Watch out: Hospice-specific RAC in the works.
Expect increased scrutiny of General Inpatient care following an HHS Office of Inspector General report claiming hospices widely overbilled for the service. The OIG reviewed 565 GIP stays from 2012 and deemed 31 percent of them inappropriate, costing Medicare about $268 million, according to the report.
Breakdown: Twenty percent of the GIP reviewed stays didn’t need the level of care at all, and another 10 percent needed it for only part of the stay, the OIG found. “In 1 percent of stays, there was no evidence that the beneficiary elected hospice care or was even certified as having a terminal illness,” the OIG added in the report.
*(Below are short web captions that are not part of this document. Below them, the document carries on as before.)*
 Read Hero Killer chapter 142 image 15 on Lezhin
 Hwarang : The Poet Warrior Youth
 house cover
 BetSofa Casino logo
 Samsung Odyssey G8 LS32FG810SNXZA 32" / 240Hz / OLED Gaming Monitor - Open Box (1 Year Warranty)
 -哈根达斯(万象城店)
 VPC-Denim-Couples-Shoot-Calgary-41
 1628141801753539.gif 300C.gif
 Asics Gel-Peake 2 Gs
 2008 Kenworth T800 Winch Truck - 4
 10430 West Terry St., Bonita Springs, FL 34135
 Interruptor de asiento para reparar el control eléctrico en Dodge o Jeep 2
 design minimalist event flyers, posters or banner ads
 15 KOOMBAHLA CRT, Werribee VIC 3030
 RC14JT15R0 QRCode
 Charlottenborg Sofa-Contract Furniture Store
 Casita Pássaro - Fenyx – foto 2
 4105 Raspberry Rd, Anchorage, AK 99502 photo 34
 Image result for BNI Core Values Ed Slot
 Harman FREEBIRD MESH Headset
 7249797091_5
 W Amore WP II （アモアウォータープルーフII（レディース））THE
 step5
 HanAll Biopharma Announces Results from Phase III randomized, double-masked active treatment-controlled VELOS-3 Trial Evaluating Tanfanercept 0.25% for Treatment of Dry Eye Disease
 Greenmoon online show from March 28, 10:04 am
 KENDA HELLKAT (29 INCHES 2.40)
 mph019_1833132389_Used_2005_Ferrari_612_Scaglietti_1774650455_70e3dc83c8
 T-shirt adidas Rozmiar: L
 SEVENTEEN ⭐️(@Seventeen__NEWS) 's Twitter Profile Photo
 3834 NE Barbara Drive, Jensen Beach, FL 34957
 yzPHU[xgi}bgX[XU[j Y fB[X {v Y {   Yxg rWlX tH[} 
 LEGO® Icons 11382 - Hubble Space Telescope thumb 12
This report is leaving some hospices feeling like they’re damned if they do and damned if they don’t. The Medicare Payment Advisory Commission’s annual report to Congress last year slammed hospices for not providing enough GIP. Nearly 98 percent of hospice days in 2013 were for routine home care (RHC). About 1.7 percent were GIP, 0.4 percent continuous home care (CHC), and 0.3 percent inpatient respite care, MedPAC said. “A sizable share” of hospice providers did not furnish GIP (21 percent), CHC (57 percent), or inpatient respite care (26 percent) to any hospice patient discharged in 2012, MedPAC criticized.
Long-length GIP stays seemed to often be the problem in the OIG’s investigation. “For example, a hospice billed for GIP for a beneficiary with a circulatory disease who had no unmanaged symptoms,” the watchdog agency relates in the report summary. “This beneficiary could have been cared for at home, but the hospice billed Medicare for 46 consecutive days of GIP. The hospice was paid just over $31,000 for the stay.”
Hot spots: Risk factors for inappropriate GIP provision were geographic location (such as Florida); nursing home residency; and for-profit status, the OIG says.
The OIG also took hospices to task for “double billing” of drugs to Part D when the hospice should have covered them; hospices not meeting all care planning requirements for 85 percent of GIP stays; and providing poor-quality care.
More scrutiny: The Centers for Medicare & Medicaid Services noted in its comments on the report that it already has put in place a number of oversight activities to catch GIP and other hospice problems, but the agency did say that CMS is in the process of “procuring a national Durable Medical Equipment (DME)/Home Health and Hospice Recovery Audit contractor.” CMS will also work with Medicare Administrative Contractors to implement prepayment reviews for lengthy stays, he added.
Abuse of the hospice benefit continues to catch the interest of the general public, with a story about the OIG and recent MedPAC report running in The New York Times.
A step ahead: “Hospice providers are undergoing increased self-scrutiny as the result of” increased oversight developments at CMS and its MACs, maintains the National Association for Home Care & Hospice. However, “NAHC encourages hospices to study the OIG report and conduct a thorough review of its policies and processes regarding utilization of GIP to ensure full compliance with existing rules and regulations,” the trade group says in its member newsletter.
“Any inappropriate behavior or spending is unacceptable and ought to be rectified,” Jonathan Keyserling with the National Hospice & Palliative Care Organization told the Times.